Classical polynomial surrogates, as introduced in the context of acoustical material design, rely on global polynomial expansions in normalized parameter spaces to approximate the map from microstructural descriptors to effective acoustic properties. Given a vector of input parameters $m = (m_1, ..., m_n)$ describing, for example, porosity or pore shape, the surrogate map $\hat{q}(m)\approx q(m)$ is formulated as a sum over multivariate polynomials:

$u(\xi) \approx u_p(\xi) = \sum_{|\alpha| \leq p} c_\alpha P_\alpha(\xi)$

where $\xi \in [-1,1]^n$ is the normalized variable, $P_\alpha$ are tensor-product Legendre polynomials, and $c_\alpha$ are coefficient vectors determined by projection via Gauss–Legendre quadrature.
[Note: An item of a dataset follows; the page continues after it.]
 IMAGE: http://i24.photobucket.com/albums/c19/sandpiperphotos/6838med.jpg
For low-dimensional parameter spaces ( $n \lesssim 3$ ), total-degree $p$ in the range $10$–$15$ yields mean relative errors below $1\%$ across hundreds of independent test cases, with maximal observed errors $\lesssim2\%$ . The surrogate model reduces online prediction times by orders of magnitude (e.g., from seconds/minutes to sub-millisecond per evaluation), facilitating its deployment in design optimization loops for absorption, impedance, or other transport properties (Trinh et al., 2017).

Extensions to higher-dimensional spaces ( $n>5$ ) employ sparse grids or $\ell_1$ -minimization to mitigate the curse of dimensionality, and multi-output regression for vector-valued targets. Analytical convergence rates depend on the smoothness of the solution map; exponential if analytic, algebraic otherwise.
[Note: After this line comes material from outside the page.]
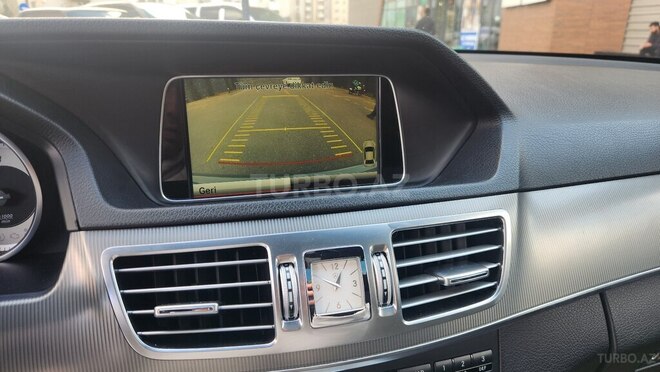 Mercedes E 220-10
2. Machine Learning Surrogates for Vibroacoustics and Room Acoustics

For broader classes of acoustic systems, including sound transmission loss (STL) in vibroacoustics or building room acoustics, machine learning-based surrogates model the mapping from engineered or physical features to frequency- or metric-dependent acoustic outputs.

Vibroacoustic Transmission Loss

Benchmarking multiple machine learning regressors (fully-connected neural networks, Gaussian process regressors, random forests, gradient boosting) for STL, the best performing surrogates incorporate engineering features encoding mass law, bending stiffness, and modal density:

Inputs: material density, Young’s modulus, thickness, damping ratio, geometric layout, and derived features.
Outputs: STL curves over frequency bands.
Training: Latin-hypercube sampling (LHS) of input space, MSE loss, regularization, cross-validation.
Physics-guided feature engineering lowers RMSE from $\sim 0.2$ dB to $0.12$ dB (analytic benchmarks), band-averaging further reduces errors for numerical models.
NN surrogates yield RMSE < 3 dB across STL models except full FEM, where errors stabilize at 5 dB for $N \sim 2000$ .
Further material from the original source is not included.